Centotrentasette voti contro, 104 a favore e 13 astenuti. È una raccomandazione di voto tutt’altro che solida quella espressa sabato dai delegati del Plr, riunitisi sabato a Ginevra, in merito all’iniziativa ‘200 franchi bastano!’ (o Iniziativa Ssr) sulla quale popolo e cantoni sono chiamati a dire la loro l’8 marzo. Sostenuta dai Giovani Liberali Radicali, l’iniziativa – che mira a ridurre l’importo del canone radiotelevisivo a 200 franchi e a esentare tutte le aziende – ha dato luogo a un’animata discussione. Per Jonas Lüthy, presidente dei Giovani Plr e membro del comitato promotore dell’iniziativa, “si tratta di giustizia fiscale, giacché i prodotti della Ssr sono sempre meno consumati”. A suo parere, “un media pubblico ha tutta la sua ragion d’essere”, ma la Ssr deve fornire “un’informazione indipendente”, invece di produrre “di tutto e di più”.

“L’iniziativa impone alla Ssr lo stesso mandato – informazione, formazione e intrattenimento – riducendo però il suo budget della metà. Questo non sarà possibile”, ha avvertito dal canto suo la consigliera nazionale ginevrina Simone de Montmollin. Sottolineando la solidarietà e la coesione nazionale, la ginevrina ha difeso il controprogetto del Consiglio federale che fissa un tetto massimo al canone (300 franchi entro il 2029) ed esenta l’80% delle imprese.

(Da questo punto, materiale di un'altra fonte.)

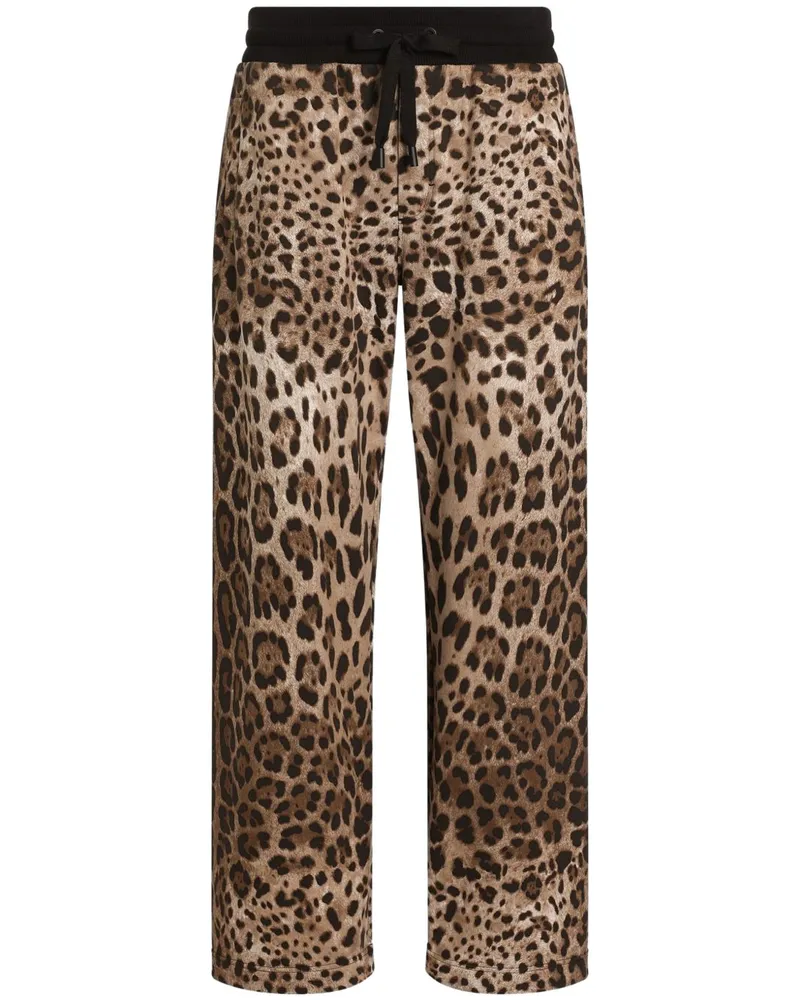 Dolce & Gabbana Jogginghose mit Leoparden-Print - Braun Braun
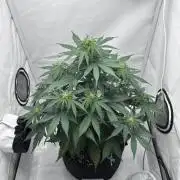 Glue Gelato auto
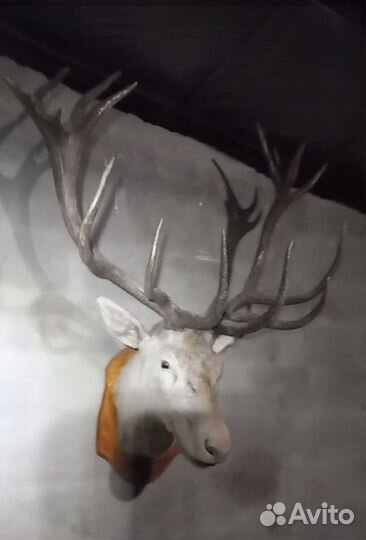 Чучело головы оленя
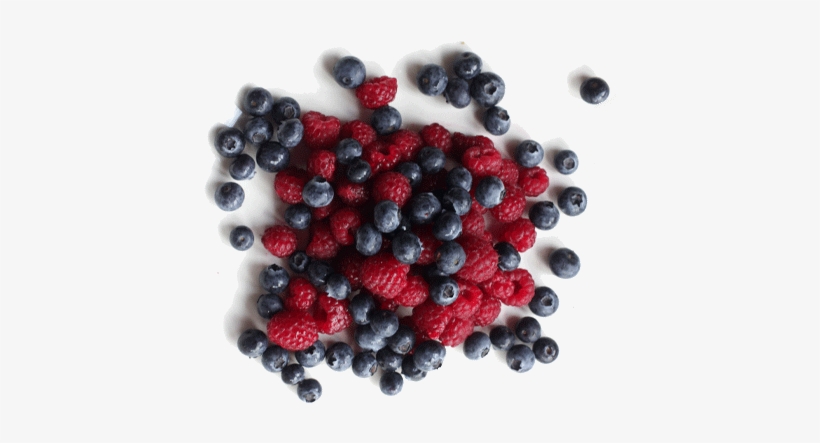 The Magoebaskloof Berry Festival 2017 Will Be Held - Bilberry, transparent png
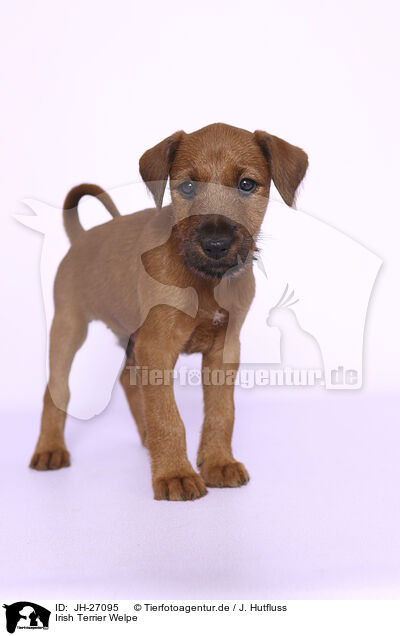 Irish Terrier Welpe / JH-27095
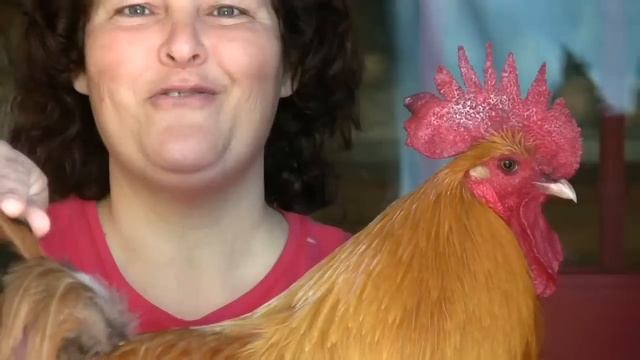 Becky's Homestead 25: All About Chickens смотреть онлайн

Focus sulla lotta alla criminalità

Più netto, com’era lecito attendersi, il risultato della votazione sull’imposizione individuale, controprogetto indiretto all’iniziativa delle Donne Plr contro il quale sono stati lanciati due referendum e su cui si voterà l’8 marzo. I delegati hanno invitato a larga maggioranza ad approvare questa riforma fiscale, che i sondaggi al momento danno vincente. Secco no, infine, anche al fondo per il clima e all’iniziativa ‘No a una Svizzera da 10 milioni’, che sarà sottoposta a votazione il 14 giugno.

I delegati hanno anche approvato un documento programmatico anti-criminalità: tra le dodici rivendicazioni incluse nel documento figura l’abolizione della condizionale per i reati violenti e sessuali, l’aumento dell’organico della polizia e della magistratura e il prolungamento della detenzione preventiva a 48 ore. Controlli più rapidi alle frontiere, mantenimento degli accordi di Schengen e Dublino minacciati dalla citata iniziativa dell’Udc e rafforzamento degli accordi di riammissione figurano tra le rivendicazioni liberali-radicali.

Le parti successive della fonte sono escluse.